SoFi finished 2023 with over 7.5 million members, a 44% gain year over year. Some of those members are strictly borrowers, but a rapidly growing number also have financial service accounts, like a checking account or a credit card, with the bank. This year, SoFi expects all those new members to push financial services revenue 75% higher, and it isn't the company's only rapidly growing operation.

Rather than paying a vendor to use its payments platform, SoFi acquired digital payments platform Galileo in 2020 and expanded it in 2022 with the acquisition of Technisys' cloud-native banking platform. Now, its tech platform is capable of serving traditional banks that want to offer more services online, as well as the tech and consumer companies it served in the past.

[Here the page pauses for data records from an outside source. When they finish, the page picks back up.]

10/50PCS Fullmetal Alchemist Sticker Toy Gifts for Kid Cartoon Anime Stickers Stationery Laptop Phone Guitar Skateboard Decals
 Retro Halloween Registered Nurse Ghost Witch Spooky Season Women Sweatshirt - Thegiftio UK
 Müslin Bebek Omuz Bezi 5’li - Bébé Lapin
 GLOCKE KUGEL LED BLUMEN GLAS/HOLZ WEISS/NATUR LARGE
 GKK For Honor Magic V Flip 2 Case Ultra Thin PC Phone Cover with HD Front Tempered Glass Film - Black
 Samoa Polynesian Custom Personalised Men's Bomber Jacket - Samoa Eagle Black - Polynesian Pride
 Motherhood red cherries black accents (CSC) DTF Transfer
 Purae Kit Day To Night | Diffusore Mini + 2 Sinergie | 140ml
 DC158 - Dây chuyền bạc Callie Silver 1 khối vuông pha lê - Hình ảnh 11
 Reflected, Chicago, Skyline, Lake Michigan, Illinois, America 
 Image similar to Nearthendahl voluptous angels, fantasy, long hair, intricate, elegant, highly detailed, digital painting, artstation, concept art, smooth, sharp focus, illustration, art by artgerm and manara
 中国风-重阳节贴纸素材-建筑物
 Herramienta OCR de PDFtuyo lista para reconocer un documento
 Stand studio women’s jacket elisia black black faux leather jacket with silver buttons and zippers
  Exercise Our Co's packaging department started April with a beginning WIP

An increasingly diverse set of clients drove Q4 tech platform revenue 13% higher year over year to $97 million. Financial services and technology contributed a combined 38% of total revenue in 2023. In 2024, the company expects these rapidly growing segments to contribute roughly half of total revenue.

Person looking at charts on a laptop.

Image source: Getty Images.

A buy now?

SoFi increased its tangible book value by $334 million last year, to $3.5 billion at the moment. With rapidly growing revenue from lending, financial services, and its tech platform, SoFi is confident that its tangible book value will expand by $300 million to $500 million this year.

At the moment, SoFi shares are trading for roughly 2.1 times the midpoint of the bank's predicted tangible book value at the end of 2024. For comparison, shares of JPMorgan, America's largest bank by book value, currently trade for 2.15 times its current tangible book value.

JPMorgan is a fine bank, but it isn't growing its membership roster by double-digit annual percentages. SoFi looks like a bargain in comparison, but the stock isn't appropriate for every investor's risk tolerance level. If you're nearing retirement or retired already, you're probably better off investing in one of the more established banks that SoFi competes with.

SoFi is intent on becoming a top 10 financial institution. At its current pace of membership growth, this could happen in about a decade and make today's shareholders much wealthier in the process. Despite its recent run-up, this is still a good stock for relatively young investors with a higher tolerance for risk to buy.